En este país, al norte de Suramérica, se registra la mayor biodiversidad del fruto. En la Hacienda Campesina Cata, los troncos de las matas de 11 variedades de cacao criollo se cargan de flores diminutas que luego se convierten en mazorcas a la sombra de árboles de cedro, samán, jobo, fruta de pan, plátano, tamarindo chino y bucare del bosque tropical. Crecen con el recuerdo de que, en una época, la comunidad entera limpiaba, tumbaba y desgranaba entre cantos a san Juan Bautista.
Por eso, Cata es más que el mirador de la bahía y las aguas cristalinas. Este pueblo, de casas blanquecinas por el sol, es tradiciones, playa y cacao.
Agricultora Marelis Diaz
Las paredes de la casa de Marelis, por dentro y por fuera, son todas de cemento, no tiene muchos cuadros ni fotografías que la adornen. Al salir, se ve la montaña del Parque Nacional Henri Pittier. Esa es la vista que la acompaña desde que se despierta y sale a trabajar en la Hacienda Campesina Cata, regresa al mediodía para cuidar a su nieta y se va a dormir.
Marelis Antonia Díaz Díaz tiene 42 años y ocho de ellos los ha vivido trabajando en la Hacienda de forma continua. Actualmente es la vicepresidenta de la junta directiva que conforma la Asociación Civil: Empresa Campesina Cata. Cuando era muchacha, no le gustaba ayudar a su mamá a tumbar y desgranar cacao: “A mí me obligaban”, cuenta siempre, pero eso cambió. Ahora, cosechar le da tranquilidad y en el monte se desconecta de cualquier preocupación.
Durante el día pone una silla afuera, a un costado de la vivienda que ella misma levantó. Se sienta a contemplar las curvas verdes que interrumpen el azul del cielo catense, cerca de la costa del mar Caribe. Vivió apenas unos días en Caracas con una tía, pero no aguantó, se escapó y regresó a su pueblo.
—Extrañaba abrir los ojos y ver todo este verde, sentir la brisa de aquí que es sabrosa porque es de playa y de monte al mismo tiempo —dice con los ojos vidriosos.
Lo que recoge de las matas de su patio o lo que tiene en la nevera lo comparte. Prefiere comer poquito que comer sola y eso hace con sus compañeras de trabajo. Su mirada es esquiva cuando no conoce a alguien, sin embargo, a pesar de ser amarga es dulce, como el chocolate. Habla poco con “los forasteros”, como le dicen en Cata a los que no son del pueblo, pero, apenas ve a las otras tres mujeres con las que ha cuidado y mantenido la Hacienda durante todo este tiempo, se le suelta la lengua.

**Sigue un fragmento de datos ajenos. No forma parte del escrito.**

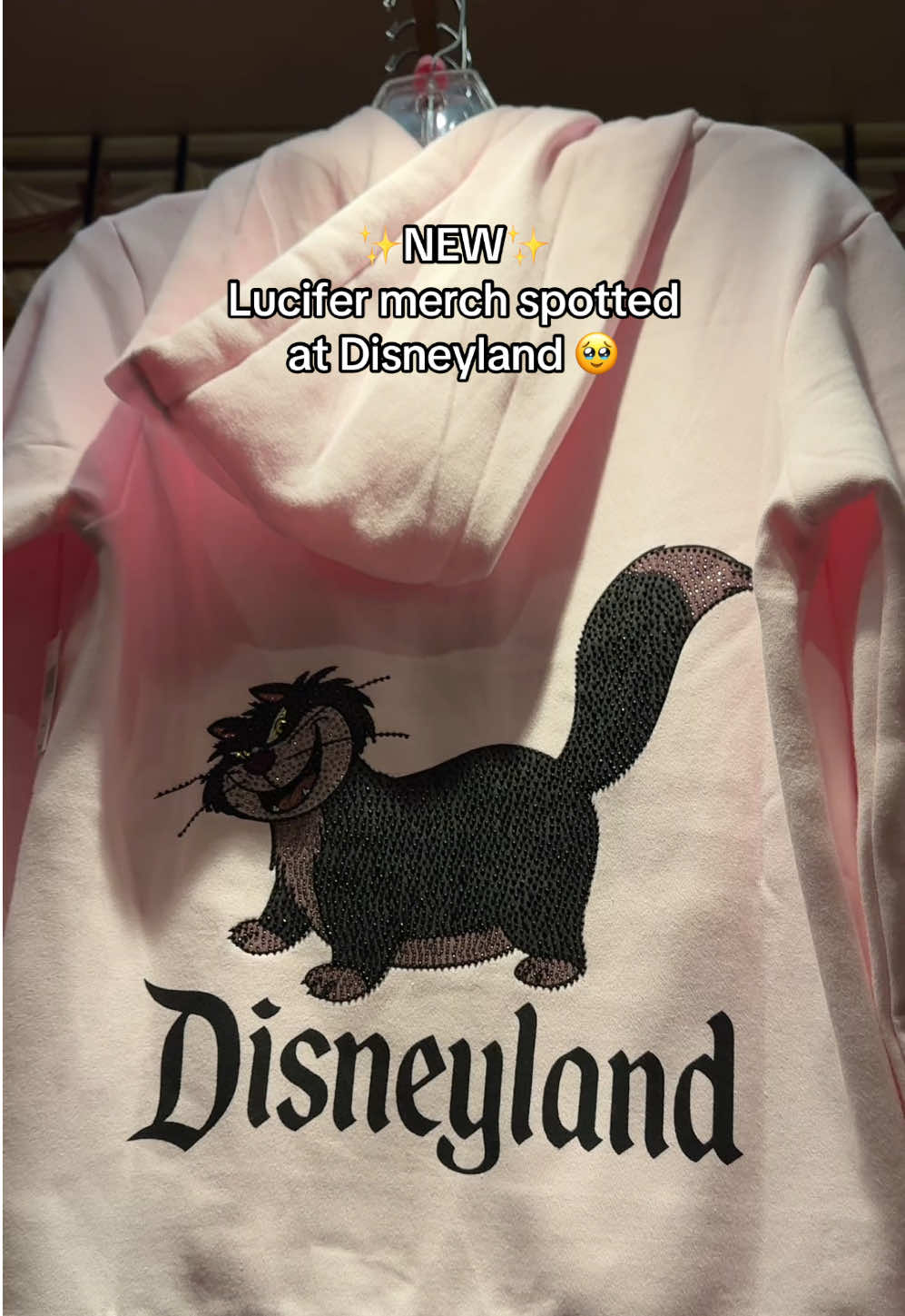@nikki | disney tips & magic ✨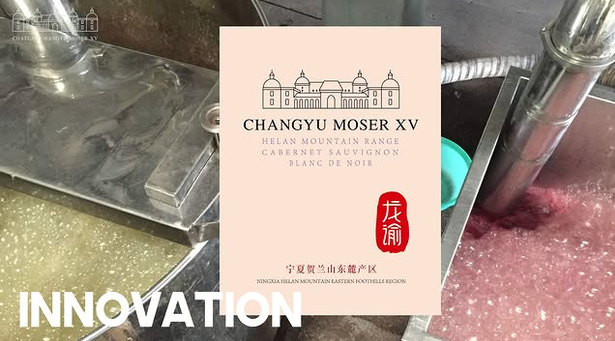 True innovation starts by looking at Cabernet Sauvignon differently.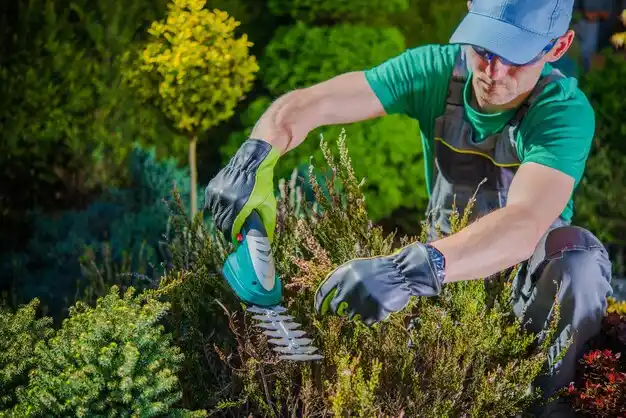 landscaping services Liberty
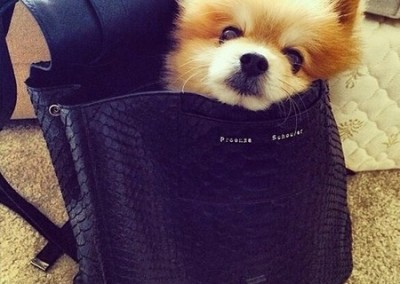 perro viajando en mochila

—Nosotras somos como una familia —señala con tranquilidad.
Ella tiene dos hijos y una nieta. Todos con los mismos apellidos: Díaz Díaz. Jonathan José —22 años— sube y baja de la bahía en su moto para dejar en casa el pescado del salado. Dian Jonalis —20 años— se queda en casa cuidando a Keirismar, su hija de un año. Al mediodía, cuando Marelis regresa de la Hacienda, se va a la playa a hacer comida en el restaurante donde cocina.
Marelis sale de la casa cargando a su nieta. Se sienta bajo la sombra de la mata de cambur mientras le da el tetero. Le gustaría que su familia mantuviera esas tierras como lo está haciendo ella, pero no los quiere obligar. “Si ellos van a trabajar con cacao, que sea porque se sienten bien y entienden que eso es lo suyo”.
—Todo esto que tenemos es para ti —le dice a la niña señalando con la barbilla la casa y la vista verde del monte aragüeño—. No de tu mamá, no de tu tío. Nada de esto es mío. Todo esto es tuyo, lo que tenemos es para ti y todo lo trabajamos por ti.